AIM OF THE TASK –
Out of the lines below, please list those that hold the string "just".

### SOURCE INFORMATION ###

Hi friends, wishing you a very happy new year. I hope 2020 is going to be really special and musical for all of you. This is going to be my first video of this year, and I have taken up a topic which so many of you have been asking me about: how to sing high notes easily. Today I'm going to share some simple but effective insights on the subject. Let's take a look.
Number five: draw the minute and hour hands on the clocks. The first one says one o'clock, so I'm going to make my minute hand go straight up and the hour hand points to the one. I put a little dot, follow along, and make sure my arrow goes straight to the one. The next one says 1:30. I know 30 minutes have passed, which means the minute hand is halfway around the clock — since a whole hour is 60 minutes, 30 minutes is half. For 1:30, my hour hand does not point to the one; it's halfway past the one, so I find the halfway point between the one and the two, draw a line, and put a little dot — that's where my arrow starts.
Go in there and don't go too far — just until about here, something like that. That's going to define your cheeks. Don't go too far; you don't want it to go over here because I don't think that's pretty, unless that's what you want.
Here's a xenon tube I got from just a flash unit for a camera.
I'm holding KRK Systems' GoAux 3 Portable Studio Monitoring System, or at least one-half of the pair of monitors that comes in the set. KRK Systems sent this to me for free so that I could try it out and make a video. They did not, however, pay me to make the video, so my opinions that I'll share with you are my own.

###
### SOURCE INFORMATION ###

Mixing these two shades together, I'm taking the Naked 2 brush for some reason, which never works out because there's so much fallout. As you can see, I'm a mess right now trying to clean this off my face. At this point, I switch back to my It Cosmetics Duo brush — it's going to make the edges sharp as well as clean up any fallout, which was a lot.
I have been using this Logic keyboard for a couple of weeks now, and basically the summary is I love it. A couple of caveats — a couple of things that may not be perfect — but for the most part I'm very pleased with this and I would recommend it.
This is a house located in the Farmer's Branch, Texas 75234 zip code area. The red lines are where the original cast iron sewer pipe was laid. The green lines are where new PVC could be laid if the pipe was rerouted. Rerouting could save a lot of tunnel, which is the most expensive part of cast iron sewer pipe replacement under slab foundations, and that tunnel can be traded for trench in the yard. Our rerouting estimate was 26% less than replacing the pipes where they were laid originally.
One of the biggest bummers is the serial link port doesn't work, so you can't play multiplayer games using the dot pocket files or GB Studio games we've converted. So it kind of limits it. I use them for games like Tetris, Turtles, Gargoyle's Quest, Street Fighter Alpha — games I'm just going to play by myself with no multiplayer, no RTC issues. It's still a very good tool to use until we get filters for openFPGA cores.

###

TASK ANSWER –
Go in there and don't go too far — just until about here, something like that. That's going to define your cheeks. Don't go too far; you don't want it to go over here because I don't think that's pretty, unless that's what you want.
Here's a xenon tube I got from just a flash unit for a camera.
One of the biggest bummers is the serial link port doesn't work, so you can't play multiplayer games using the dot pocket files or GB Studio games we've converted. So it kind of limits it. I use them for games like Tetris, Turtles, Gargoyle's Quest, Street Fighter Alpha — games I'm just going to play by myself with no multiplayer, no RTC issues. It's still a very good tool to use until we get filters for openFPGA cores.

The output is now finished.